** TASK DATA follows **
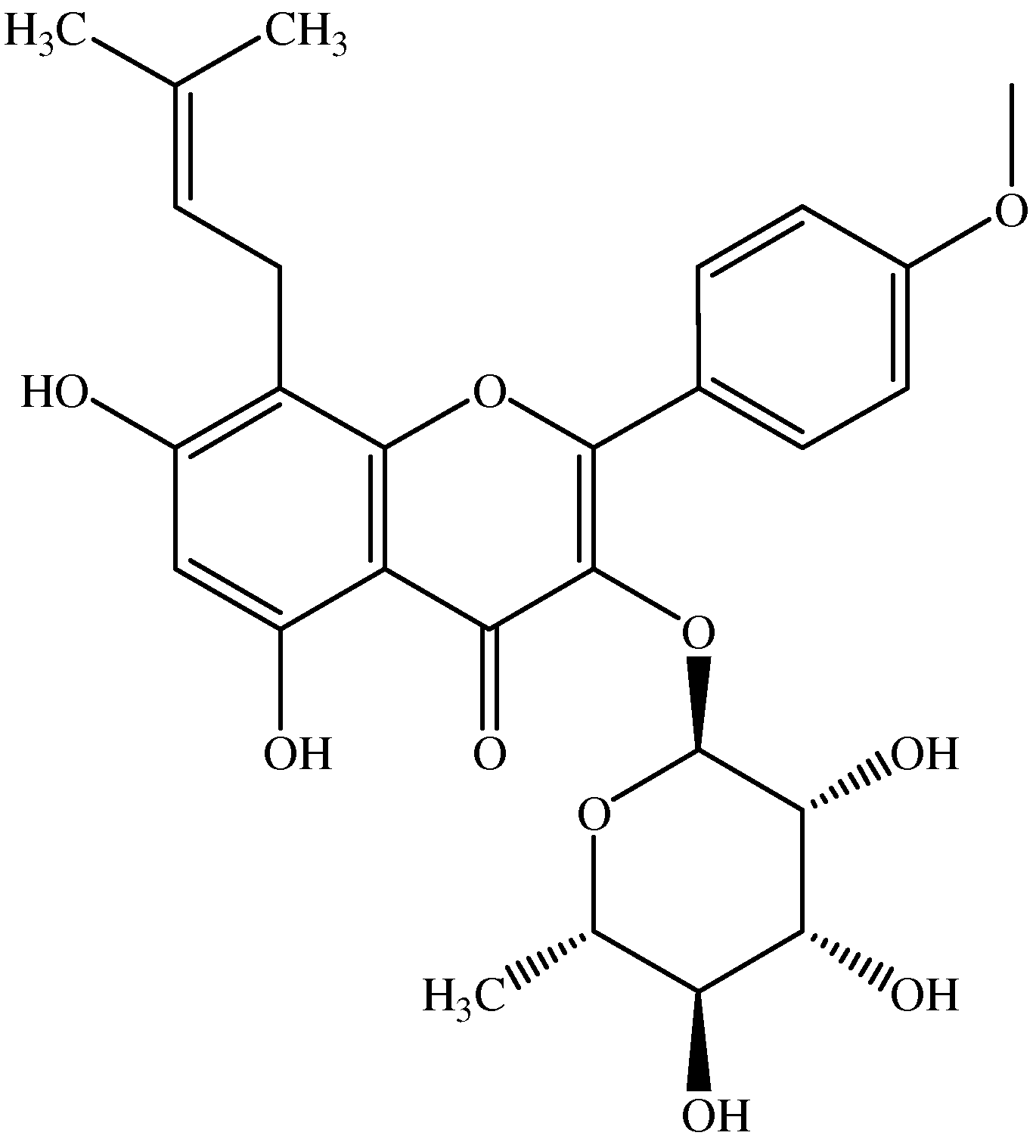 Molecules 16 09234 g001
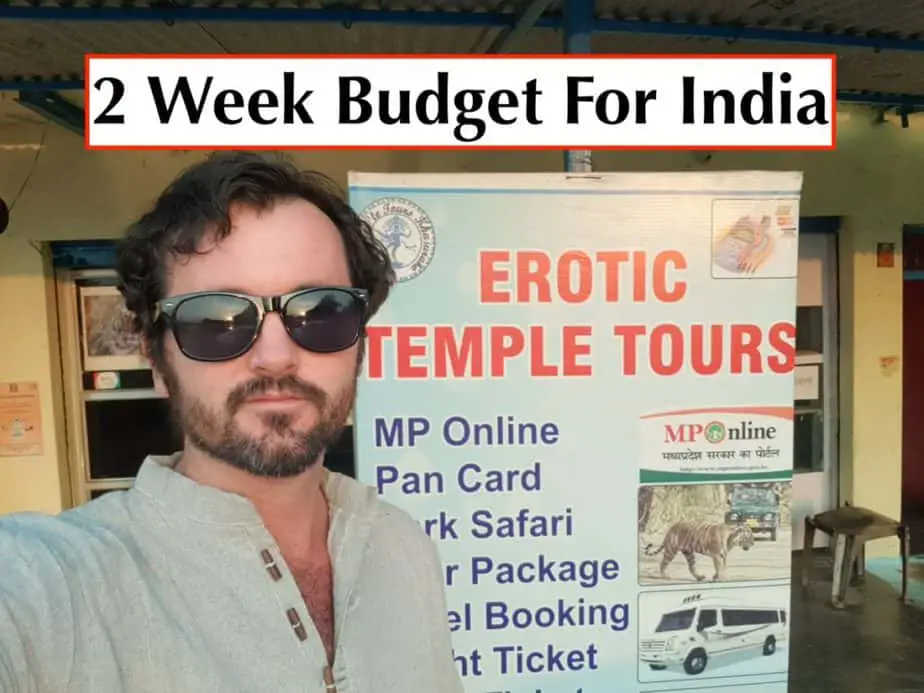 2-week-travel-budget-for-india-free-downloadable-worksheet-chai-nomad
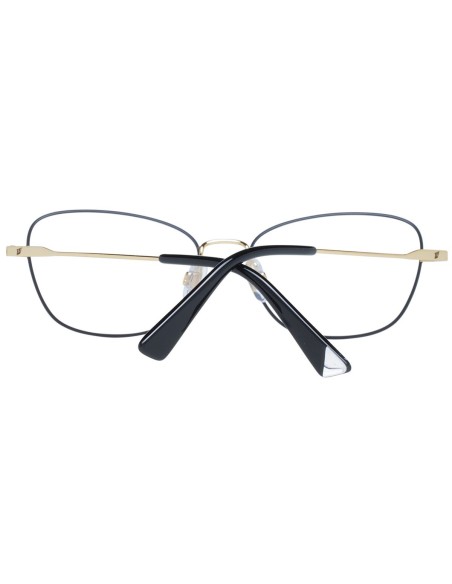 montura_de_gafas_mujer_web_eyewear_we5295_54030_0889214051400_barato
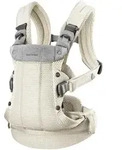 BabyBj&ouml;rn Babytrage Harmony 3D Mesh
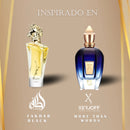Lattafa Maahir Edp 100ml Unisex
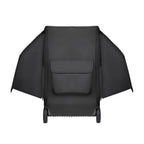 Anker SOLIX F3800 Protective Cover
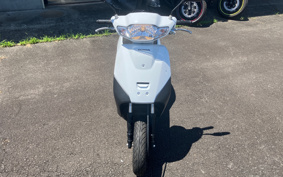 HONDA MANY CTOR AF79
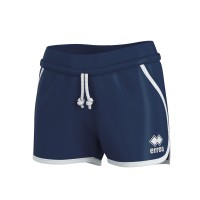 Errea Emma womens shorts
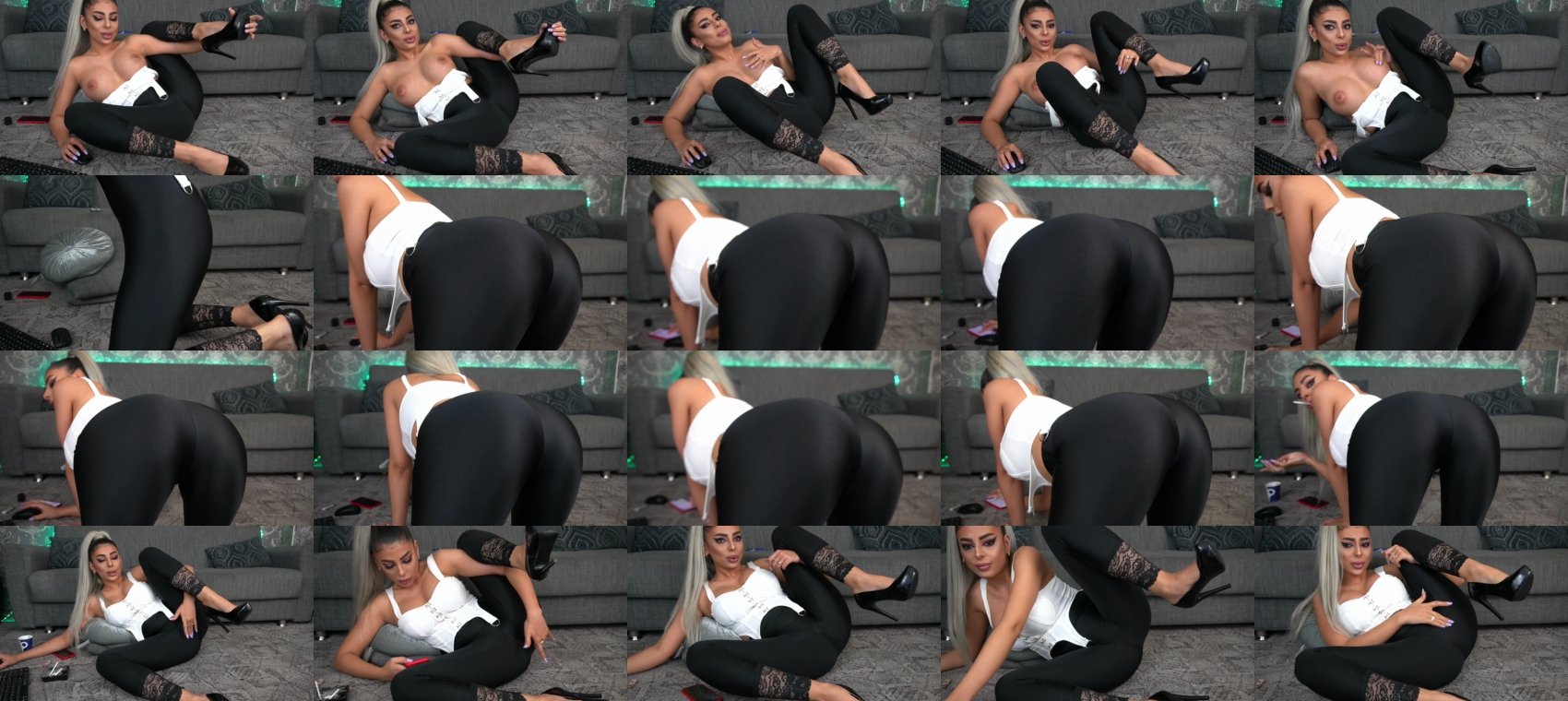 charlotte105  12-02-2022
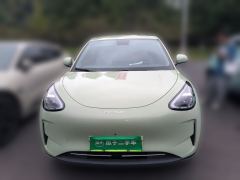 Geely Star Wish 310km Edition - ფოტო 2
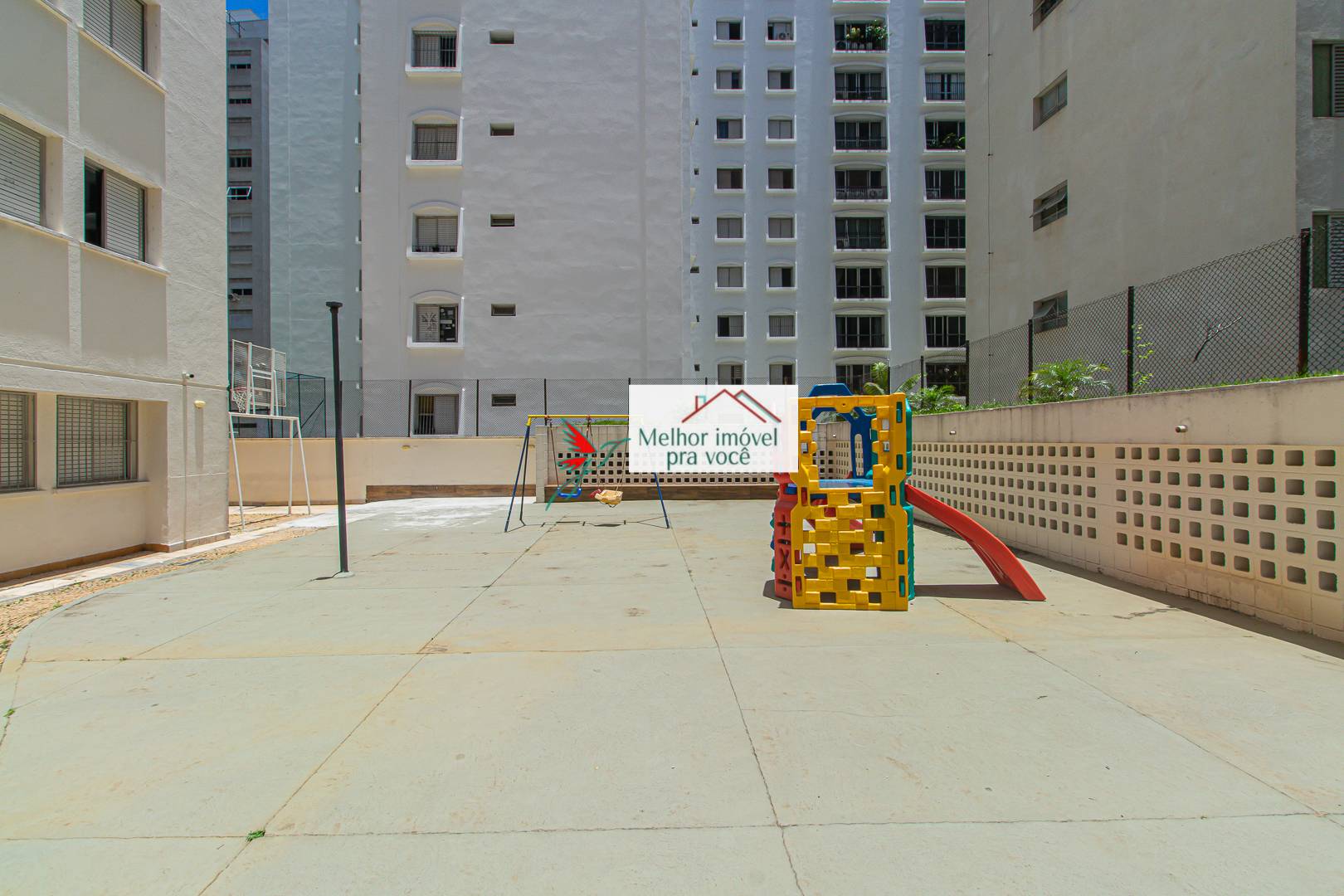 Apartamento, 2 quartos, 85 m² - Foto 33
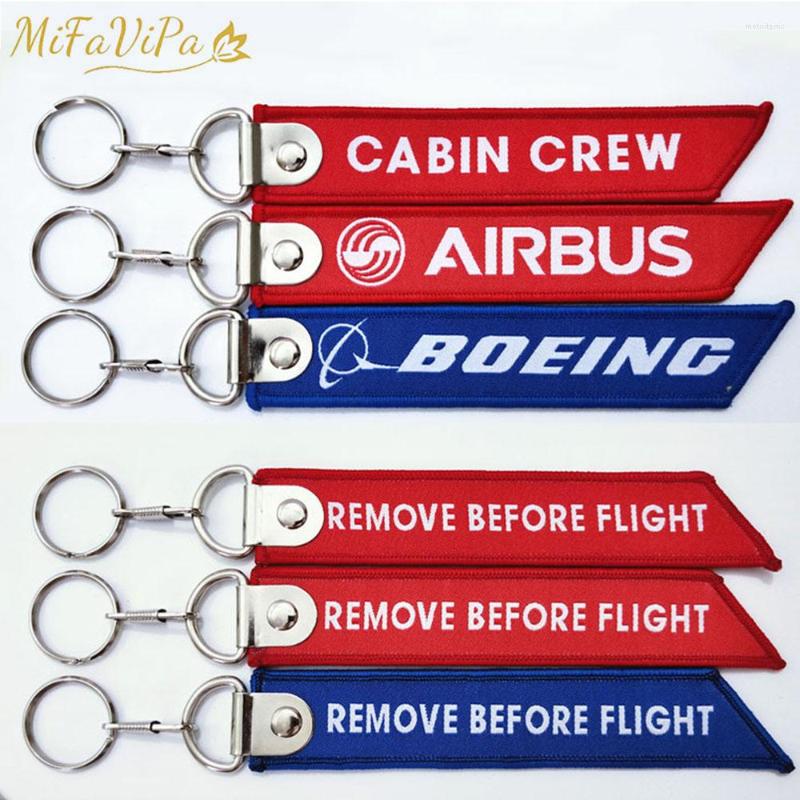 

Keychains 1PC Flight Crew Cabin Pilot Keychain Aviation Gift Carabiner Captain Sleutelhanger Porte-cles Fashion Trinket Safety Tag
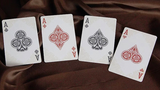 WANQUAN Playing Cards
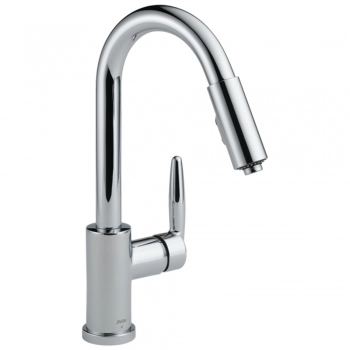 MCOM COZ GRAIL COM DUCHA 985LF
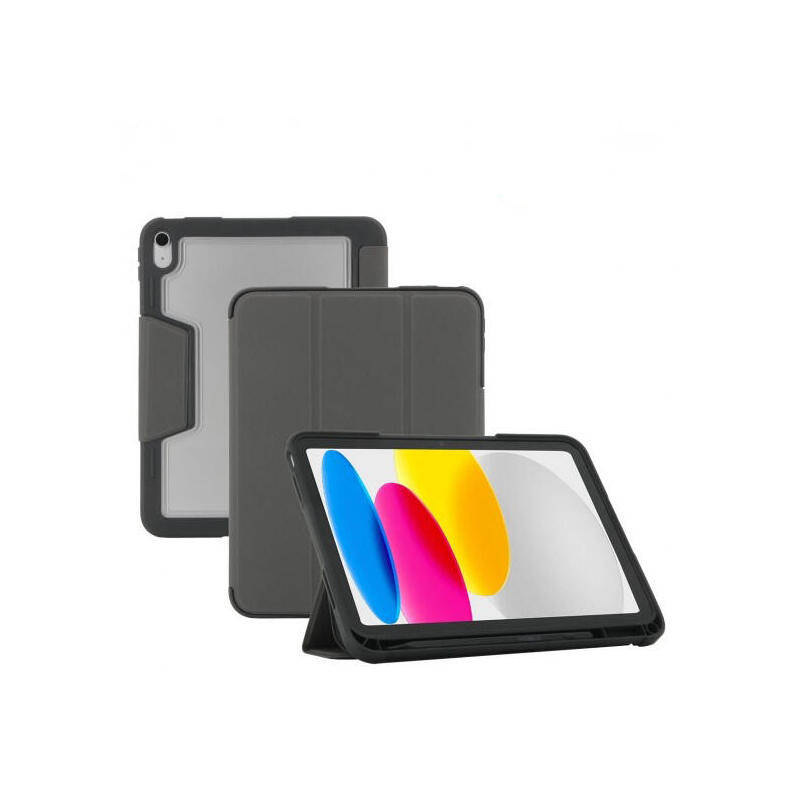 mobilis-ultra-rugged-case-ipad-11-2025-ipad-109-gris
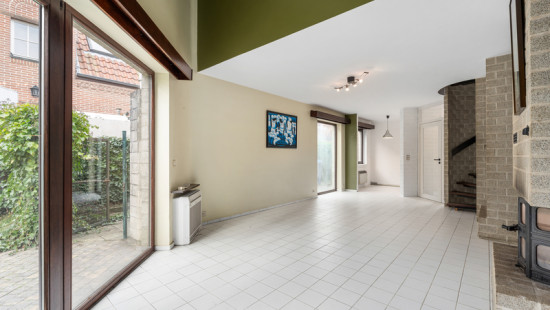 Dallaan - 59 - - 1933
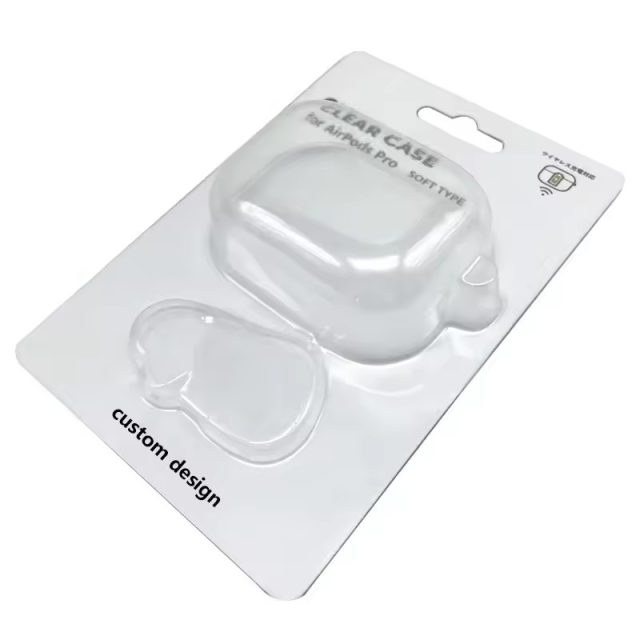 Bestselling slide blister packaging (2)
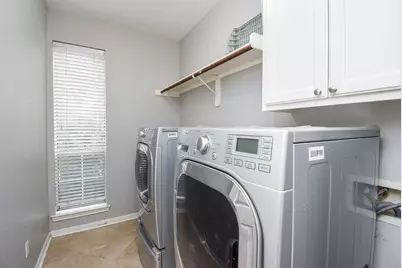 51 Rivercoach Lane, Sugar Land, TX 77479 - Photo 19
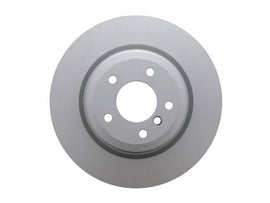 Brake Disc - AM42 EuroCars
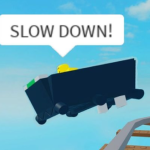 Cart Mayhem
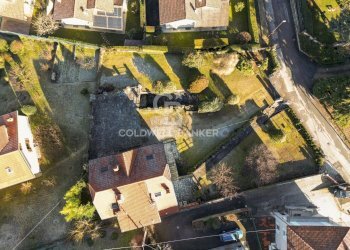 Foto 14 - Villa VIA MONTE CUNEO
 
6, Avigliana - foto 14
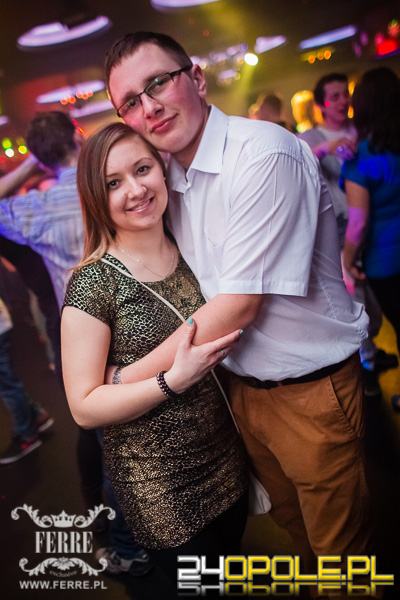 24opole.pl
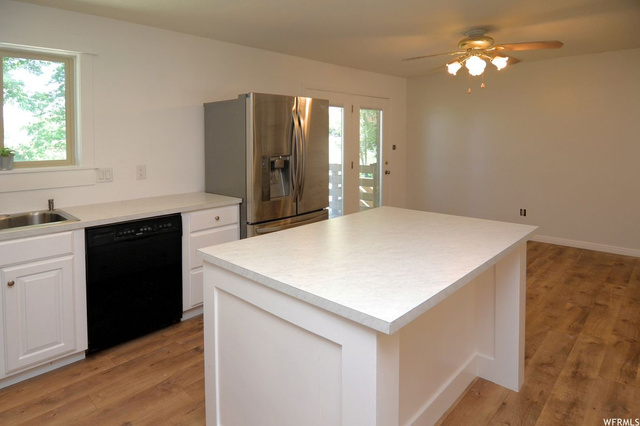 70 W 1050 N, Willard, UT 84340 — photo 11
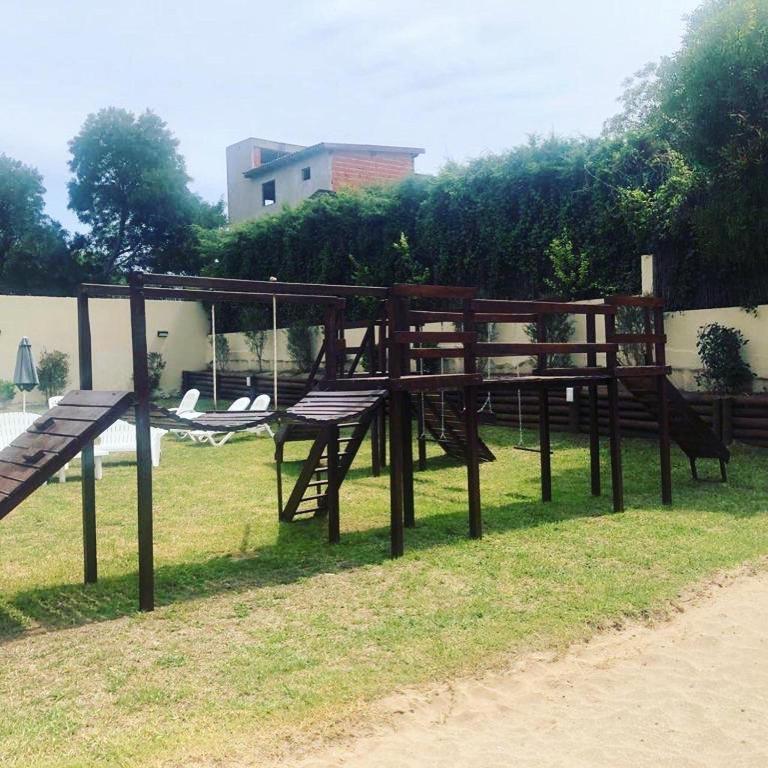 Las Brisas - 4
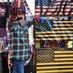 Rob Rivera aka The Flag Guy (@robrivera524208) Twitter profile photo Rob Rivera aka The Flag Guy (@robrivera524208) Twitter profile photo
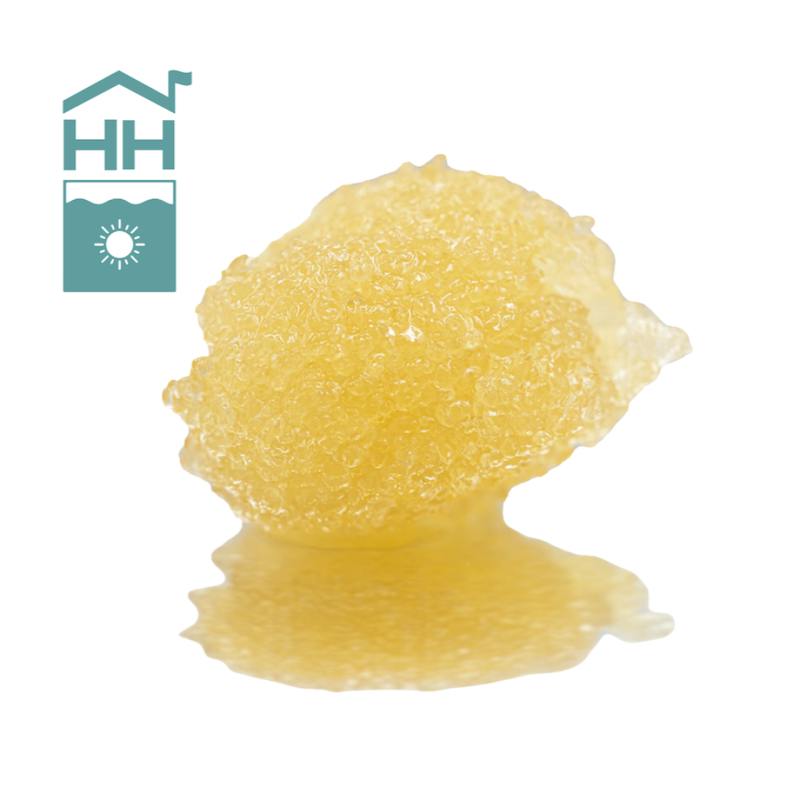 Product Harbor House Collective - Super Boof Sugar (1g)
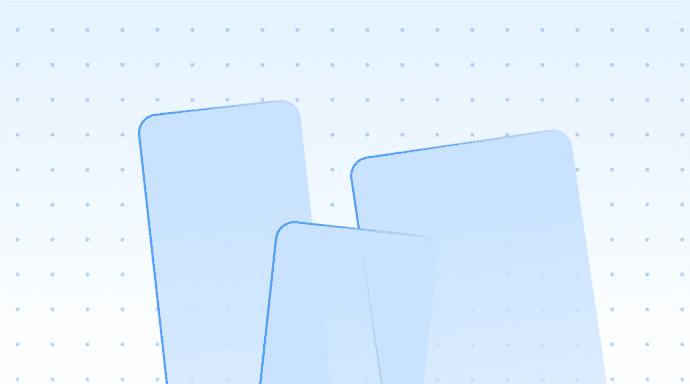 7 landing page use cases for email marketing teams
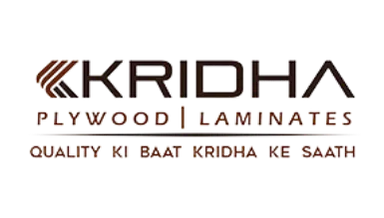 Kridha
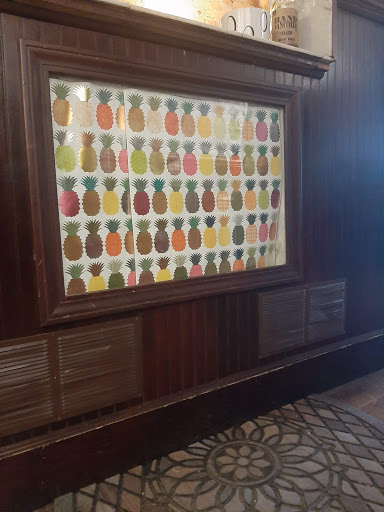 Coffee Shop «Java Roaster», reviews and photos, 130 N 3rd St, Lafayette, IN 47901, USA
** End of TASK DATA **
### WORK TASK
Set down again, exactly, every line above from the one with "Lattafa Maahir Edp 100ml Unisex" down to the one with "Dallaan - 59 - - 1933", both ends included. No pictures, and nothing else.

### SOLUTION TO THE EXERCISE
Lattafa Maahir Edp 100ml Unisex
 Anker SOLIX F3800 Protective Cover
 HONDA MANY CTOR AF79
 Errea Emma womens shorts
 charlotte105  12-02-2022
 Geely Star Wish 310km Edition - ფოტო 2
 Apartamento, 2 quartos, 85 m² - Foto 33

Keychains 1PC Flight Crew Cabin Pilot Keychain Aviation Gift Carabiner Captain Sleutelhanger Porte-cles Fashion Trinket Safety Tag
 WANQUAN Playing Cards
 MCOM COZ GRAIL COM DUCHA 985LF
 mobilis-ultra-rugged-case-ipad-11-2025-ipad-109-gris
 Dallaan - 59 - - 1933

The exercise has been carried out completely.